Now a multi-million dollar business, wedding photography was once something of a formality — because the equipment was so much larger and less mobile than it is now, wedding photos were either taken in a studio before the actual event, or at the site of the wedding, but not on the day of. They were also largely uncreative, mostly comprised of family portraits and the odd cake-cutting shot. It wasn’t until WWII that on-site wedding photography of the event itself even became commonplace, and not until the 1970s did candids at weddings really come into style.
As you’re packing up your multiple tripods and dozens of lights and lenses this summer, think back to the old days of vintage wedding photography, when even a reliable film camera would have been a luxury. And, of course, revel in the fact that you don’t have to try to make some of these dresses look flattering.
This bride was captured in August 14, 1943 by Jack Sportswood. This style of dress-flaring was huge for…oh, decades. Image via Florida Memory, the State Archives of Florida.
Here’s another one buy Jack Spottswood from Florida Memory, circa 1941. Apparently, wedding photography has been a way for photographers to pay the bills for decades.
According to the archive, the Spottswoods were “commercial photographers [who] were kept on retainer by the Seaboard Railroad and the Atlantic Coast Line Railroad, and they did a considerable amount of work for real estate agencies and for insurance companies photographing accident scenes. As a result, the collection contains numerous images of Jacksonville-area street scenes, businesses, churches, hotels, theaters, and trains, as well as studio portraits and wedding photographs.”
The Harris & Ewing Collection at the Library of Congress contains tens of thousands of glass negatives, many of which include portraits of notable people. It also includes a LOT of weddings, like the above three. Interestingly, H&E seemed to spend more time shooting on-location than other photography outlets, which suggests that most of the subjects of the photos — which are presented by the LOC with next to no detail or description — were probably high-profile individuals or couples. The size of the wedding party in the third photo would suggest the same.
Maria Roderiques and Josefino Lopes Cabral were wed in 1928 in Nantucket.
This is an example of the kind of studio photography that many couples opted for at the time, which documented the marriage itself more than the wedding day.
However, some couples — often those with a little more spending money, though that wasn’t always the case — did opt for wedding photos that look a little more familiar to us today, let the next photo in the set, from the same year and area.
Arline Wilma Preston and Clark Wallace Bishop were married in 1928. Image via the Nantucket Historical Association.
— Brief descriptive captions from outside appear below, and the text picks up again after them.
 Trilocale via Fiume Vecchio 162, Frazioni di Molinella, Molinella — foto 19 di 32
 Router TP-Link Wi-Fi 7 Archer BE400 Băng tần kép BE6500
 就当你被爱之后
Nantucket became a popular wedding destination in the 1920s and 30s, which means many photographers from the city had to truck their equipment out to an island to shoot images like this one.
This 1978 bride, whose name is Debra Roby, is pictured wearing the wedding dress worn by Arline Wilma Preston when she married Clark Wallace Bishop in 1928 — which is the photo above!
According to the comments from the Nantucket Historical Association, Roby was the granddaughter or Preston.
And now, for something completely different, here’s an image of a Chippewa wedding ceremony, circa the late 1870s. Courtesy of the Whitney & Zimmerman gallery, this image was taken by Charles Zimmerman, a prominent Minnesota photographers of the era. The image comes to us via the Library of Congress.
Candids and the kinds of images we take to be standard now — like this “getting ready” shot of a bride and her bridesmaids — became popular in the late 1960s and early 1970s. Also popular at the time: White eyeshadow. Image via the Nantucket Historical Association.
Presented without comment, via the Library of Congress.